Searching prefix:Dear
Dear Haiyong

Execution of concurrent programs

The execution of a concatenation is similar to a generator. When we call a concatenation, nothing happens, it only executes in response to thenext()cap (a poem)send ()method when it is run. This can be clearly seen in the above example, as it is only run when calling the__next__()method before our concatenation begins to execute. After this call, execution advances to the first yield expression, and now execution pauses and waits for the value to be sent to the corou object. When the first value is sent to it, it checks for a prefix and prints the name if one exists. After printing the name, it iterates through the loop until it encounters the name = (yield) expression again.

Shutting down a coprogram

Concurrent programs may run indefinitely, shutting down concurrent programs uses theclose()method. When the concatenation closes, it generates theGeneratorExitexception, which can be caught in the same way it would normally be caught. After closing the coprogram, if we try to send the value, it will raise theStopIterationException.

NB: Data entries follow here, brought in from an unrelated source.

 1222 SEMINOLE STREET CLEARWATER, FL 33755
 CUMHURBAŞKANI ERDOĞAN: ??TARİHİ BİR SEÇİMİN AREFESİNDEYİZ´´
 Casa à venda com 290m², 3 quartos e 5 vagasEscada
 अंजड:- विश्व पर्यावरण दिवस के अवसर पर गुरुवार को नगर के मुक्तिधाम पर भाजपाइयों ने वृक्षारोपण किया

Here is a simple example:

# Python3 program for demonstrating
# closing a coroutine
def print_name(prefix):
    print("Searching prefix:{}".format(prefix))
    try :
        while True:
                name = (yield)
                if prefix in name:
                    print(name)
    except GeneratorExit:
            print("Shut down the concurrent program!!!")
corou = print_name("Dear")
corou.__next__()
("Haiyong")
("Dear Haiyong")
()

Output:

Search prefix: Dear
Dear Haiyong
Close the concurrent program!

Linking Concurrent Programs to Create Pipelines

Concurrent programs can be used to set up pipelines. We can use the send() method to link concurrent processes together and push data through the pipeline. Pipelines are required:

The initial source (producer) derives the entire pipeline. The producer is usually not a coprocessor, it is just a simple method.
A sink, which is the endpoint of the pipeline. The receiver may collect all the data and display it.

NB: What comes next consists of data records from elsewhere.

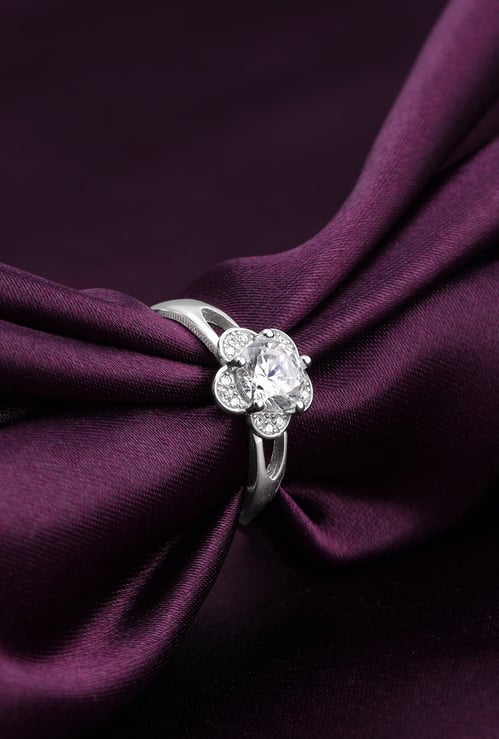 GIVA Sterling Silver Zircon Flower Finger Ring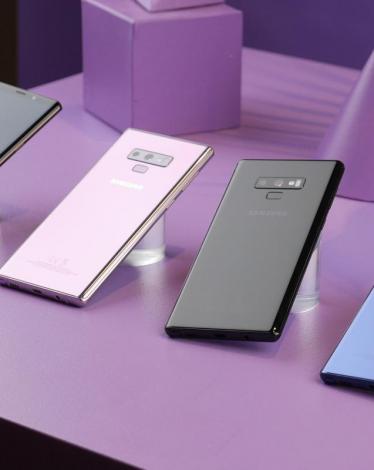 Samsung-Galaxy-Note-9-vs-Apple-iPhone-X-vs-LG-G7-ThinQ-Specs-comparison_0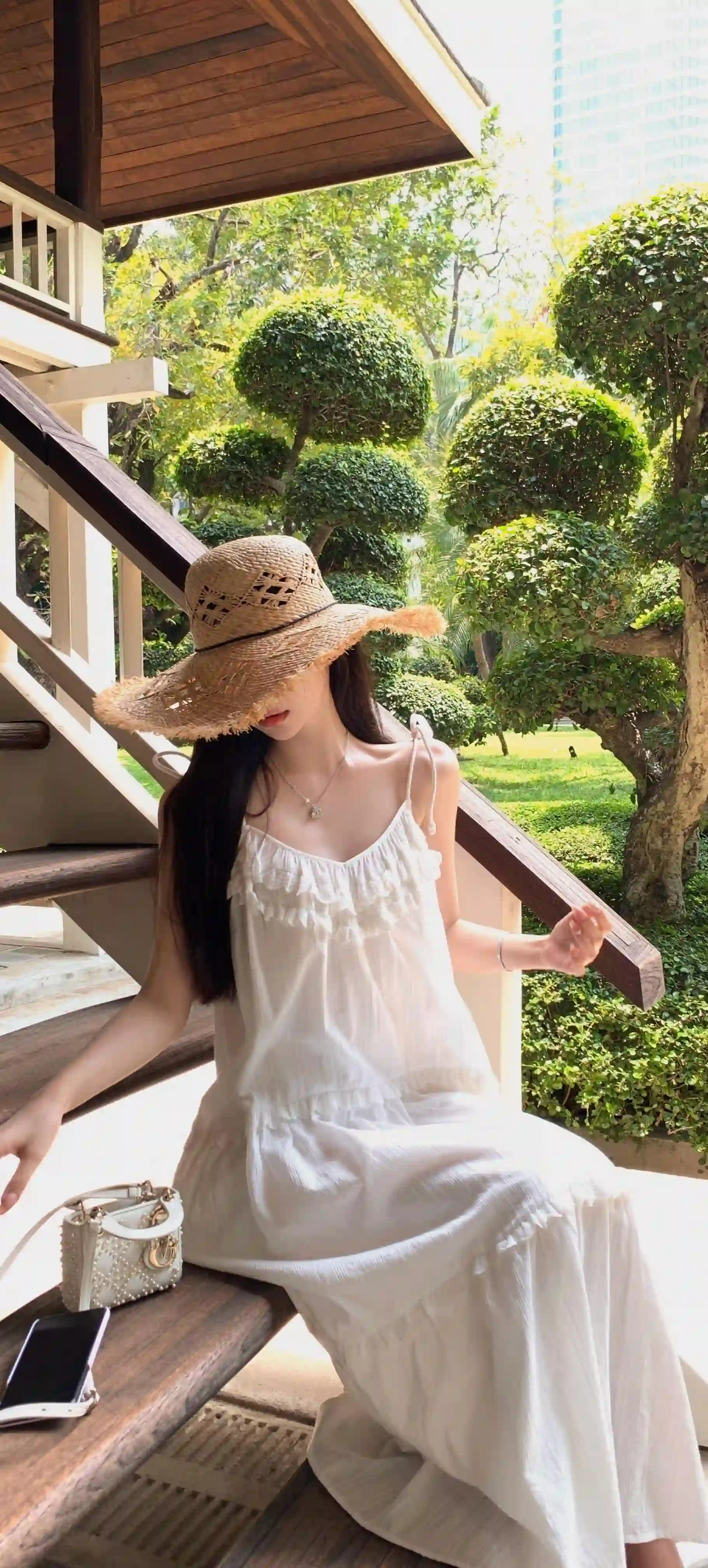休闲 戴着草帽的白裙美女 吊带裙 户外 休闲穿搭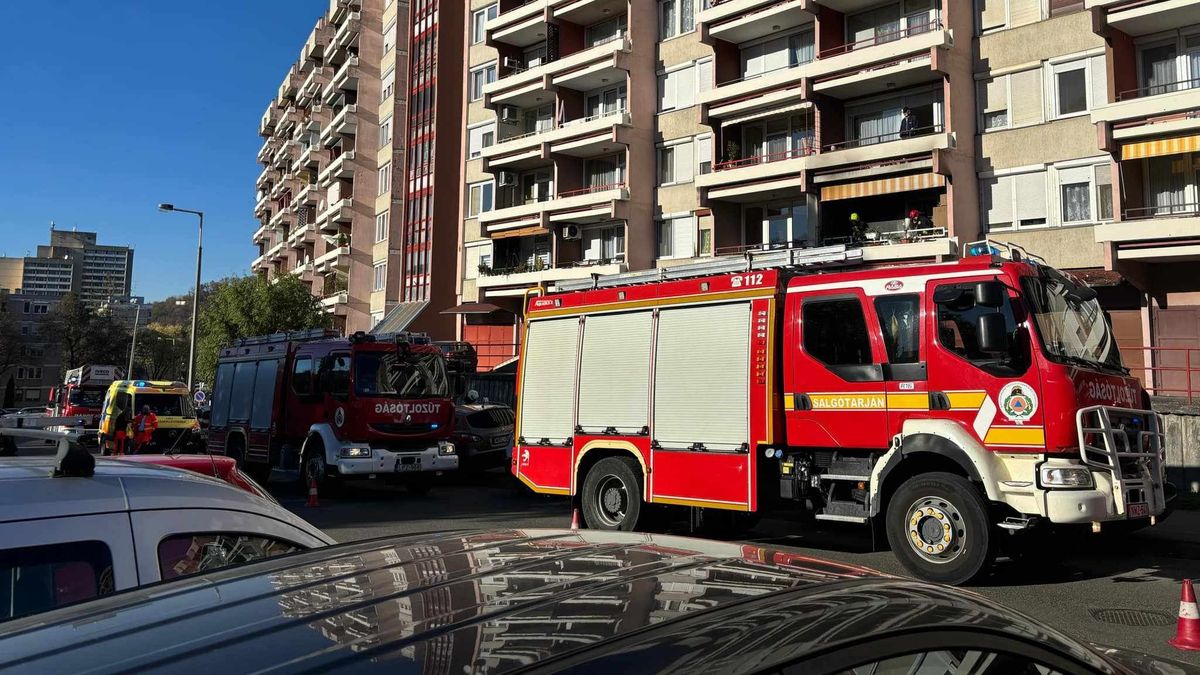 Tűz ütött ki egy társasház teraszán Salgótarjánban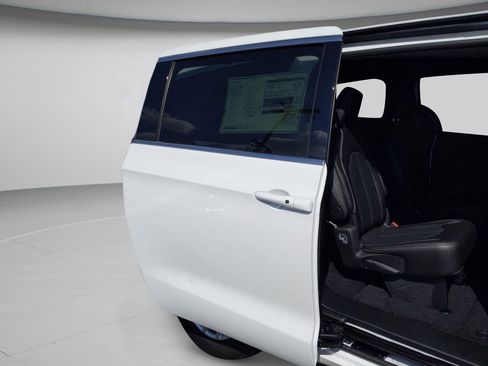 New 2026 Chrysler Pacifica Select image 28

Here is an example of a simple link

# Python program to demonstrate concurrent linking

def producer(sentence, next_coroutine):
    '''
    producer It's just a matter of splitting the string and
    give pattern_filter concurrent program
    tokens = (" ")
    for token in tokens:
        next_coroutine.send(token)
    next_coroutine.close()
def pattern_filter(pattern="ing", next_coroutine=None):
    Search for patterns in received tokens，If the pattern matches，
    Send it to print_token() concurrent program进行打印
    print("Searching for {}".format(pattern))
    try:
        while True:
            token = (yield)
            if pattern in token:
                next_coroutine.send(token)
    except GeneratorExit:
        print("Filtering complete!!!")
def print_token():
    act as a receiver，Simply print the received token
    print("I'm sunk, I'll print the token.")
            print(token)
        print("Printing complete!")
pt = print_token()
pt.__next__()
pf = pattern_filter(next_coroutine = pt)
pf.__next__()
sentence = "Haiyong is running behind a fast moving car"
producer(sentence, pf)

Output:

I'm sunk. I'll print the token.
Searching for ing
running
moving
Filtering complete!
Printing is complete!

summarize

1. Threads and co-threads are recommended for IO-intensive tasks (such as network calls) and perform poorly in CPU-intensive tasks.
2. For CPU-intensive tasks, multiple processes are required to bypass the GIL limitations and utilize all available CPU cores to increase efficiency.
3. The best practice under high concurrency is multi-process + co-processing, not only to take full advantage of the multi-core, but also to give full play to the high efficiency of the co-processing, you can get very high performance.

CPU-intensive: multi-process
IO-intensive: multi-threaded (concurrent threads are expensive to maintain and do not provide significant efficiency gains in reading and writing files)
CPU-intensive and IO-intensive: multiprocessing + concatenation

To this point, this article on Python Advanced Tutorial of the thread process and concurrent code analysis of the article is introduced to this, more related to Python thread process and concurrent content, please search for my previous articles or continue to browse the following related articles I hope you will support me in the future more!